A few months later, Marietta, like Atlanta 18 miles to the south, was burned by federal soldiers, though on a smaller scale. The courthouse and downtown buildings were set afire on Sunday, Nov. 13. Like Atlanta, it was an important railroad hub.

Maj. Henry Hitchcock was with Sherman during the arson, and heard his boss say, “I never ordered burning of any dwelling — didn’t order this but can’t be helped. I say Jeff Davis burnt them.”

Such details are explained in Marietta historian Stephen Davis’ latest very readable tome, 356 pages, “Into Tennessee and Failure: John Bell Hood,” the second volume of his remarkable study of Confederate Gen. Joseph E. Johnston’s chief understudy, recently published by Mercer University Press.

The first volume, “Texas Brigadier to the Fall of Atlanta,” (544 pages) traces Hood’s rise from lieutenant of cavalry in Virginia to commanding general of the Army of Tennessee and his zealously-fought but utterly unsuccessful failure to defend Atlanta. The latest, “Into Tennessee and Failure,” traces Hood’s move into north Georgia and Tennessee, where he met disaster at Franklin and Nashville. (Both hardbacks, $35, and Mercer University Press,

Davis, 72, author of seven books on the Atlanta campaign and hundreds of scholarly articles, is considered one of the nation’s top experts on Hood, his successes and failures. And no wonder, he has 3,200 Civil War books in his personal basement library, which he’s been collecting since high school and which he’s dubbed the Brig. Gen. Clement Anselm Evans Memorial Research Collection.

A Virginian who was raised in Atlanta, Davis holds a master’s from the University of North Carolina-Chapel Hill, and a Ph.D in history from Emory University. He speaks regularly to Cobb County groups and others across the country, including roundtables, Rotarians and once to the Society of Civil War Surgeons.

“Texas Brigadier” spells out how Hood took over from Gen.

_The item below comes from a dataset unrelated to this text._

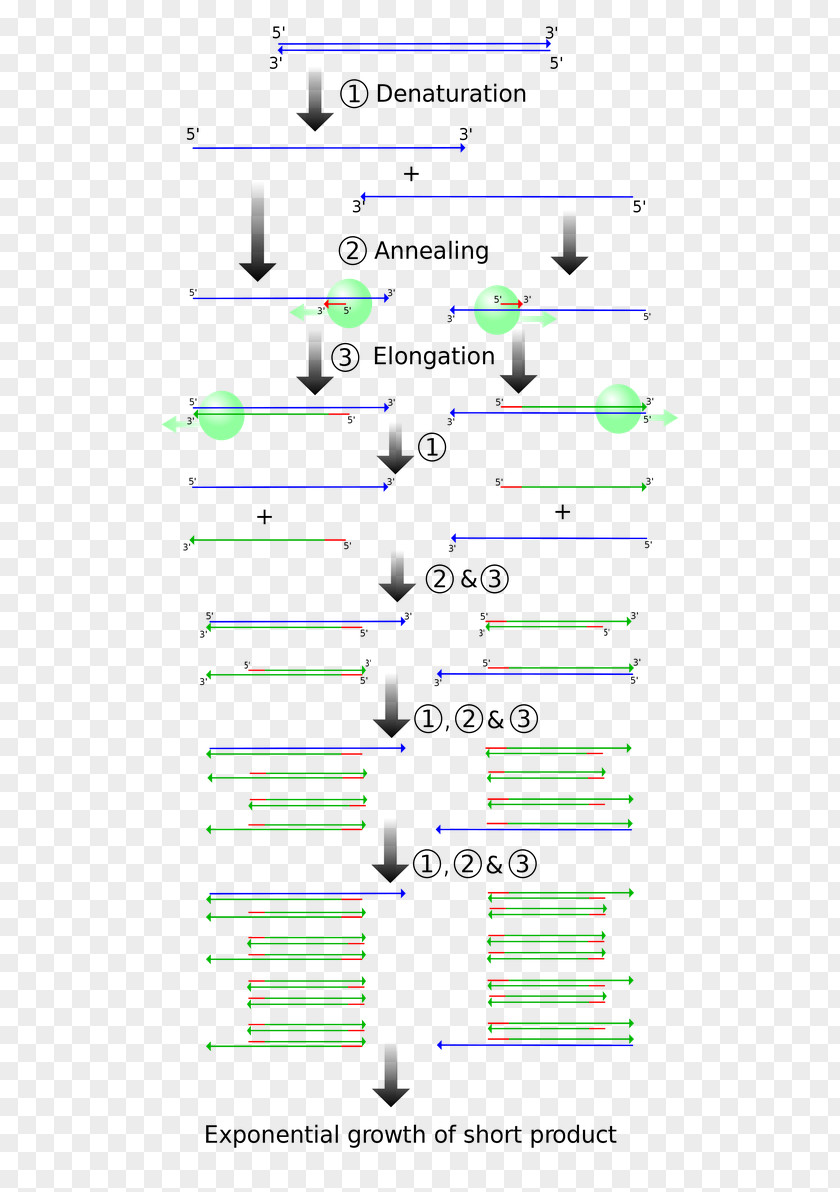 Vector Polymerase Chain Reaction Molecular Cloning DNA PNG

Joseph Johnston just before the Battle of Peachtree Creek (July 20, 1864) and the Battle of Atlanta (July 22). In this book, Davis shows how Hood proved himself an accomplished leader, but whose fatal flaw, ambition, led to mistakes, causing failure at Peachtree Creek and two days later east of Atlanta in the battle depicted in the Atlanta History Center’s Cyclorama.

“His performance was good, but no better,” Davis says. “I began writing about the Atlanta campaign in the late ’80s. Happily, more than a century and a half after the Civil War, there is still previously unknown material about John Bell Hood to be found and discussed,” which he sometimes does at Kennesaw Mountain National Battlefield Park.

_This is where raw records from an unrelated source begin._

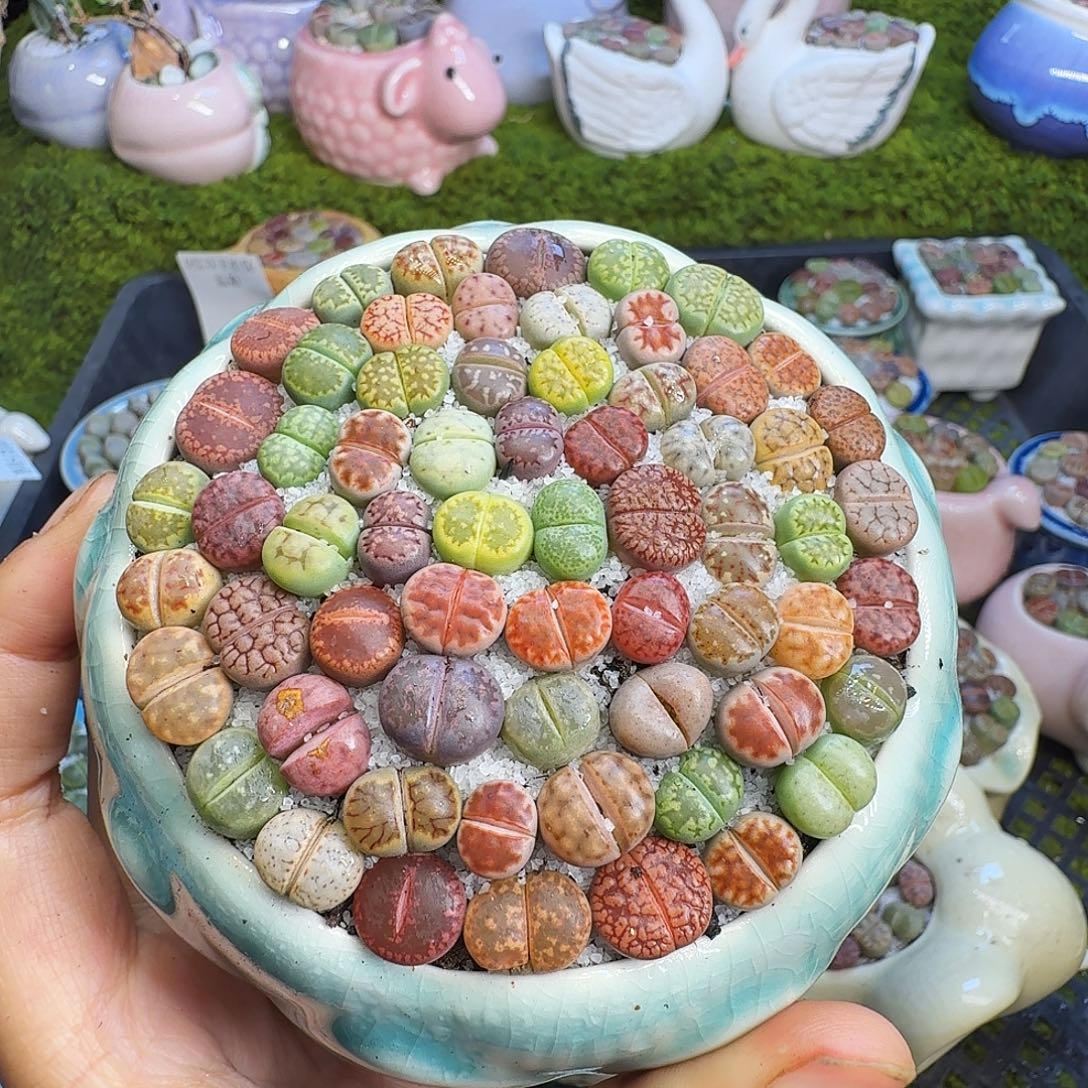 多肉植物福利冲609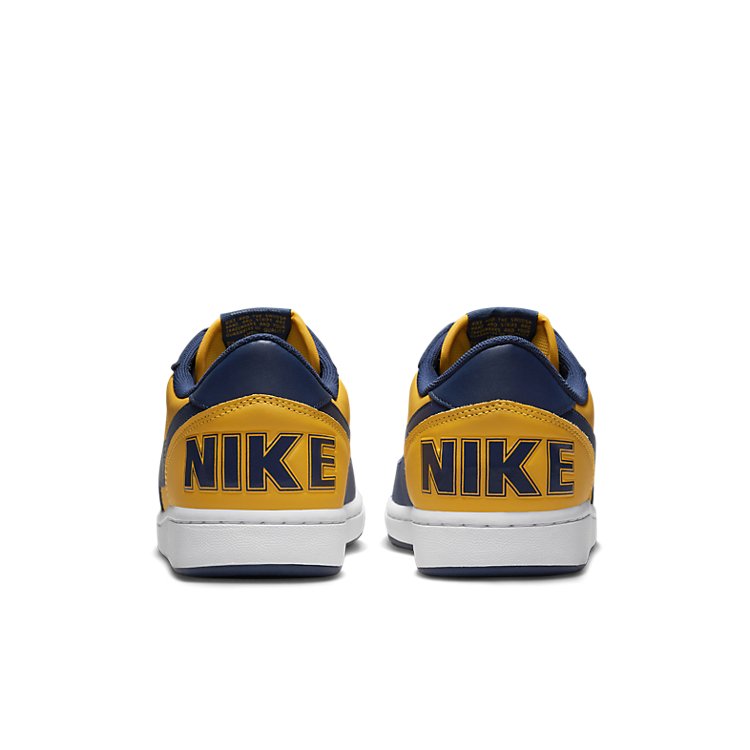 Nike Terminator Low 'Michigan' FJ4206-700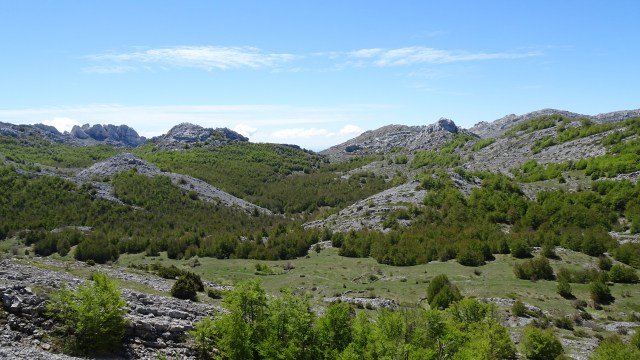 0DCE9129-A9CC-4EF0-9E2C-C2FF362F1E5D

Trivia is one of his strong points. For example, he says that in late June 1864, Johnston’s headquarters in Marietta were at the Atkinson House, “and I’m still trying to track down where that was.”

Sherman’s famous March to the Sea started just a few days after his soldiers burned the Marietta courthouse. According to Davis, more than 10,000 Union soldiers are among the 13,000 dead in the sprawling Marietta National Cemetery, established in 1867 just outside of town. Bodies of Union dead were hauled in from all over Georgia, most from the Atlanta Campaign.

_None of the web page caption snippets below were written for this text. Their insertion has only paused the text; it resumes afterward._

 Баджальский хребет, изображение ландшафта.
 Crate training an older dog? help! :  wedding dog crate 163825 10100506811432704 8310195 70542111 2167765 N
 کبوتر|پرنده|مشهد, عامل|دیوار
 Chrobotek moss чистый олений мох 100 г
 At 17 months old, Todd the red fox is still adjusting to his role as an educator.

“Land was cheaper in Cobb County than in Atlanta so it was established in Marietta,” Davis says.

Bodies of Confederates were brought in for burial at Marietta’s Confederate Cemetery from all over, about 3,000, representing all Rebel states. The books feature many full page maps. Taken together, the two volumes constitute the first full-length biography of Hood in nearly 40 years. Readers will recognize lots of familiar and local names, including Kennesaw Mountain, Dallas, New Hope Church, Gilgal Church and Burnt Hickory Road, among many others.

Andrew Wagenhoffer, editor of Civil War Books and Authors, called volume one “worthy of being mentioned in the same breath as Albert Castel’s classic study.” He also posted the newest volume among his top 10 Civil War books for the year.

“I’ve been hooked on the Civil War since fourth grade,” Davis says. “Understanding it, why it happened, what led up to it, is critical to the understanding of our country today. The book I’m reading now, ‘The War-Time Journal of a Georgia Girl,’ is pencil-priced up front: $5.75. Try finding that kind of deal today.”